Flag contaminant reaction times using mixture modeling
Source:R/helpers-data.R
flag_contaminant_rts.RdIdentifies contaminant RTs (fast guesses, attention lapses) at the trial level using mixture modeling. For each trial, it computes the posterior probability of being a contaminant given a mixture of a uniform distribution (contaminants) and an RT distribution.
The function takes a numeric vector of RTs and returns a numeric vector of
contamination probabilities, making it compatible with dplyr::mutate() and
dplyr::group_by() workflows.
Arguments
- rt
Numeric vector.
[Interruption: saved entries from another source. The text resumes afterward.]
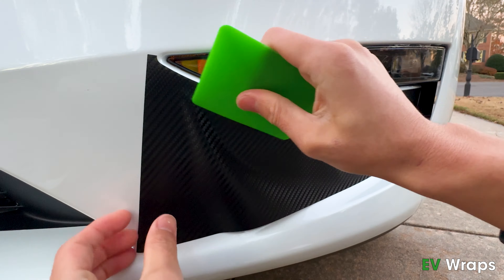Peel off the strip and overlap the wrap to the passenger wrap by 1 to 2 millimeters. Carefully align and install the wrap so it covers all of the vehicle paint and does not surpass onto the black plastic. Install in increments of 4 to 6 inches and work your way to the right curved edge.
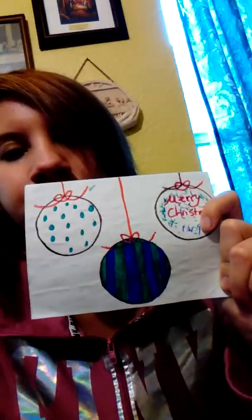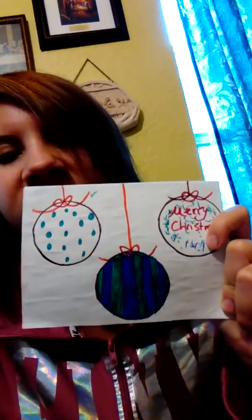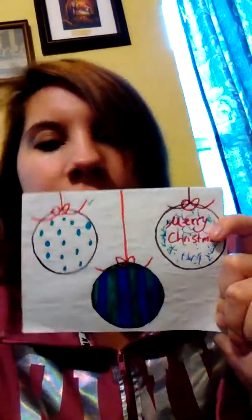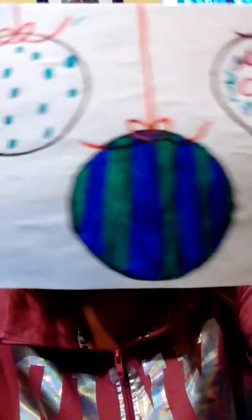I did make a gingerbread Christmas card and it's pretty much easy. I got the gingerbread at Dollar Tree because they were having some Christmas stuff out. I went to use these Christmas ornaments that I thought would be so freaking adorable. I got all of these papers and everything from Dollar Tree.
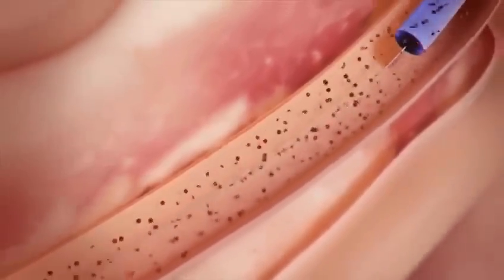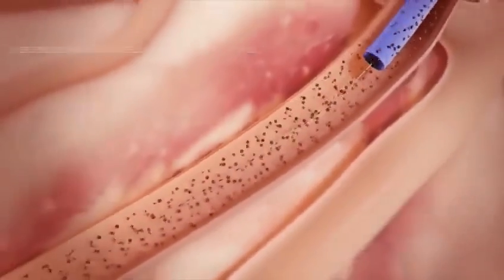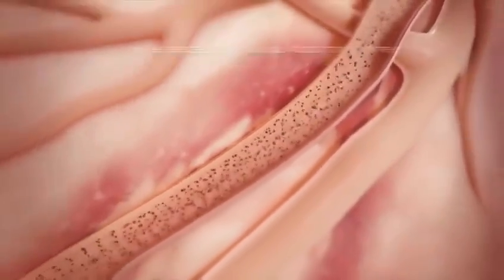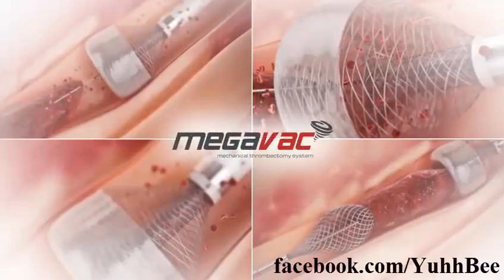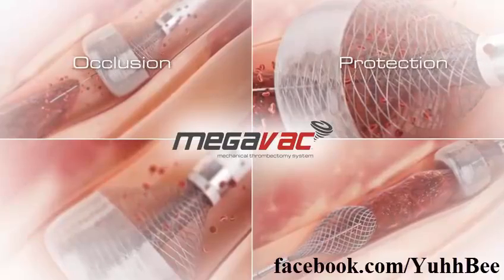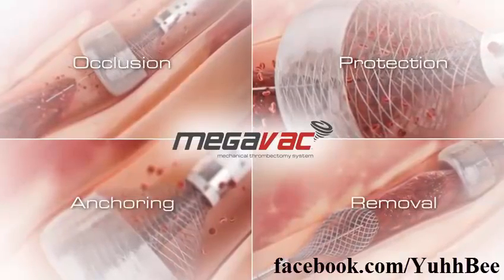Rapid removal of occlusive thrombus with vacuum extraction can accelerate door-to-balloon time and improve outcomes. A four-feature solution in one device: occlusion, protection, anchoring, and removal.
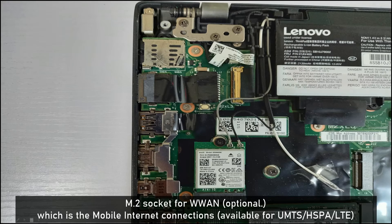You can see the WWAN M.2 slot here. This area is for the WWAN, which is for mobile internet connections. It is available for UMTS, HSPA, and LTE.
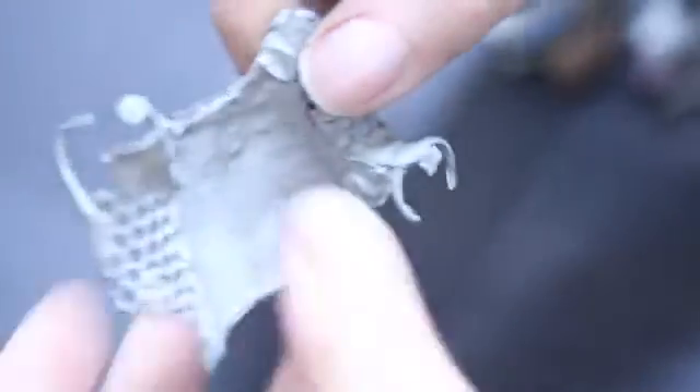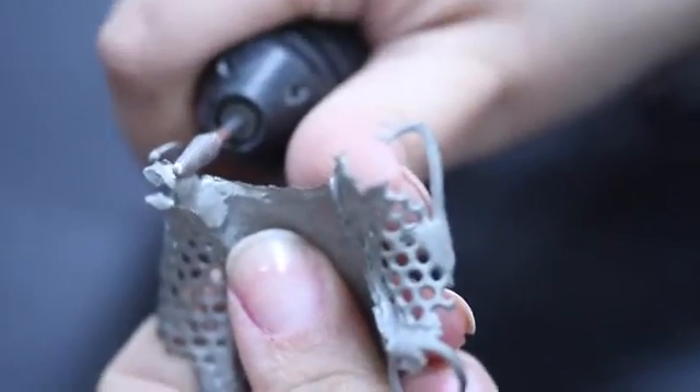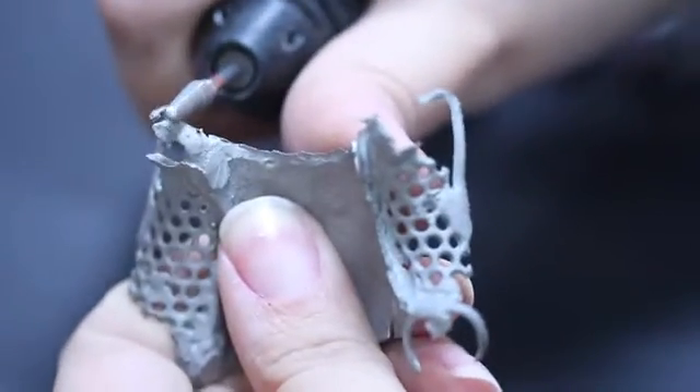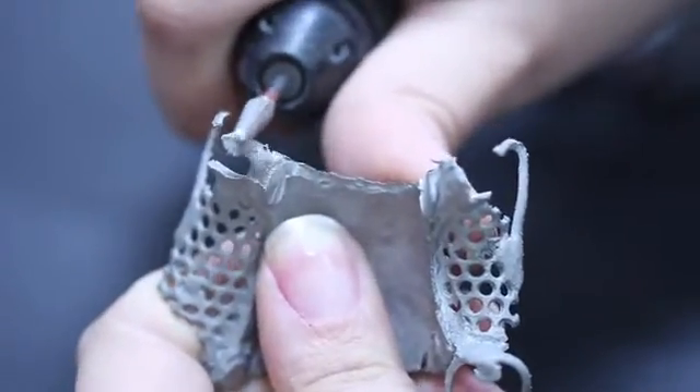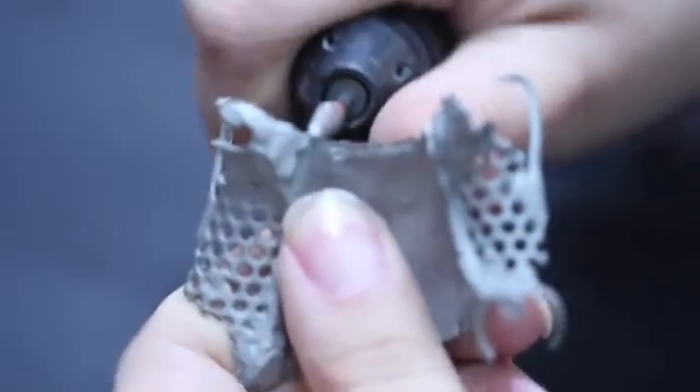retentive clasp tips, and proximal plates must receive an absolute minimum of finishing. The clinician should carefully inspect these areas when the framework is returned from the laboratory, and has every right to be concerned if evidence of over-finishing exists.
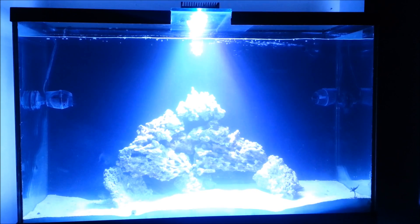Hey guys, welcome to the channel. This is day seven of me cycling my new tank. After seven days the water parameters have stabilized and the temperature is at about 79 degrees, and I was able to place the live rock the way I want it.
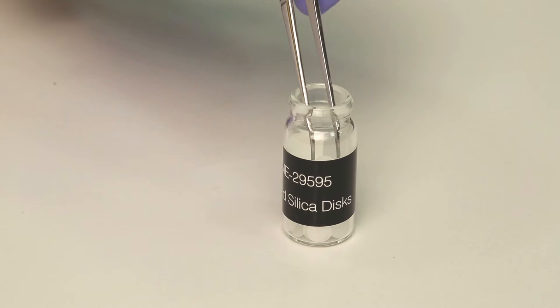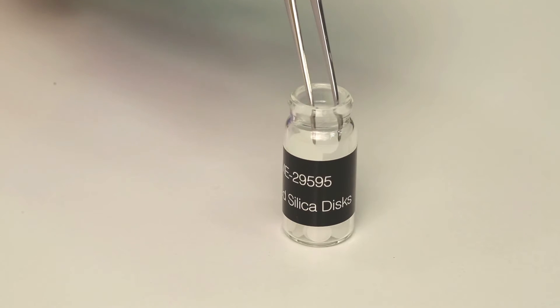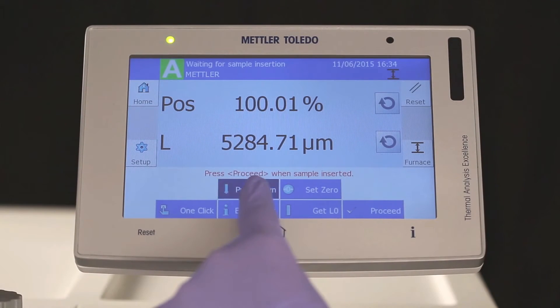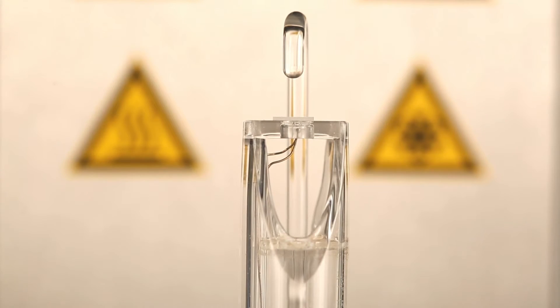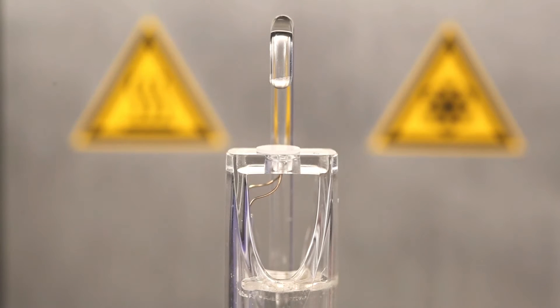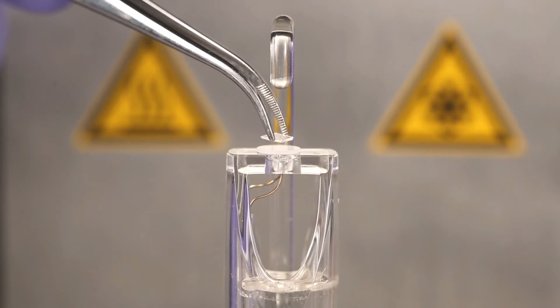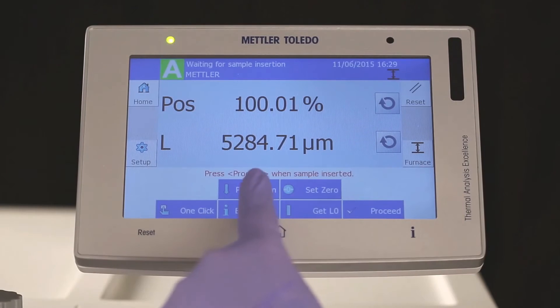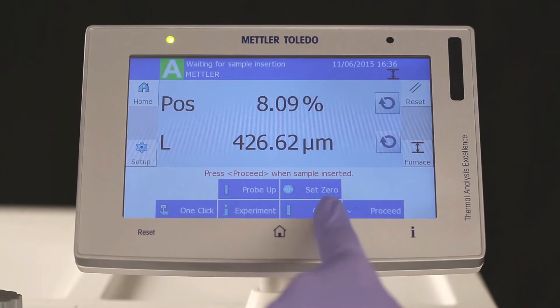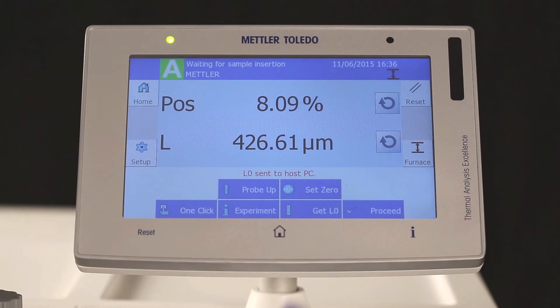Sample preparation for a penetration measurement is equal to that for dilatometry. Put a fused silica disc on the sample support for protecting it from contamination. Make sure that the probe is in zero position. Lift up the probe and place the PET sample onto the sample support. Lift the probe down so that the 3 mm ballpoint probe is in direct contact with the sample. Press Get L0; the initial length is sent to STARe software.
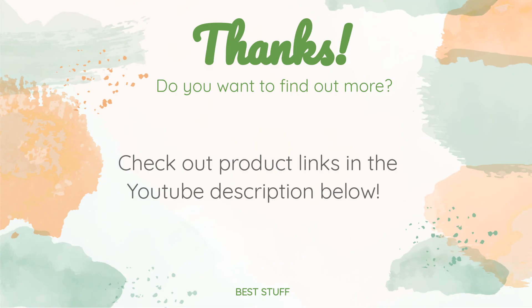Thanks for watching and hope you liked it. As always, all the links about the products will be in the description below, so if you want to find the best prices and more information that we might not get a chance to mention in the video, be sure to check them out.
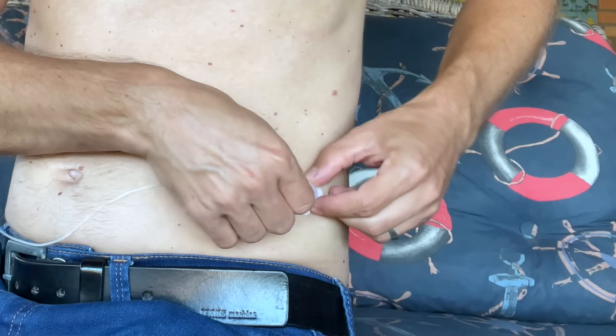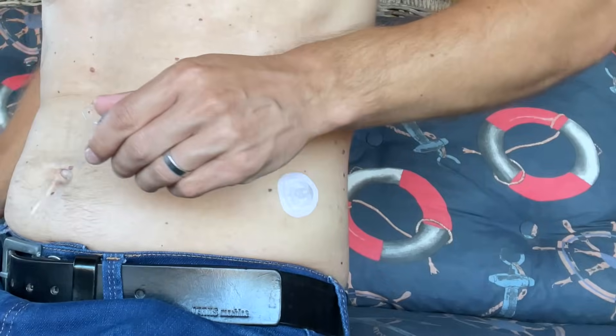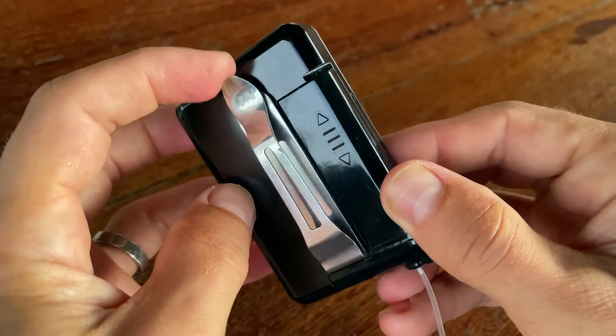I didn't like that case anyway because it was a bit too bulky, and when I wanted to take the pump out I had to disconnect the infusion set from my body — too complicated. I don't really want a case, I just needed a belt clip. So I got a cheap metal clip from Amazon which works really well and I'll put a link to it below.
Reaction times in seconds. Must be positive.
- distribution
Character. RT distribution for the mixture model: "exgaussian" (default), "lognormal", or "invgaussian".
- contaminant_bound
Vector of length 2. Bounds
[lower, upper]for the uniform contaminant distribution. Can be numeric values or "min"/"max" for data-driven bounds. Defaultc("min", "max").- init_contaminant
Numeric. Initial contaminant proportion for EM algorithm. Must be in (0, 1). Default 0.05.
- max_contaminant
Numeric. Maximum allowed contaminant proportion. Values exceeding this are clipped with a warning. Must be in (0, 1]. Default 0.5.
- maxit
Integer. Maximum EM iterations. Default 100.
- tol
Numeric. Convergence tolerance for log-likelihood. Default 1e-6.
Value
Numeric vector of posterior contamination probabilities P(contaminant
| RT), with a "diagnostics" attribute containing a one-row data.frame
with columns: mixture_params (list), contaminant_prop, converged,
iterations, loglik, n_trials, distribution, method.
Details
Mixture Model
The function fits: f(RT) = pi_c * Uniform(a,b) + (1-pi_c) * f_RT(RT|theta)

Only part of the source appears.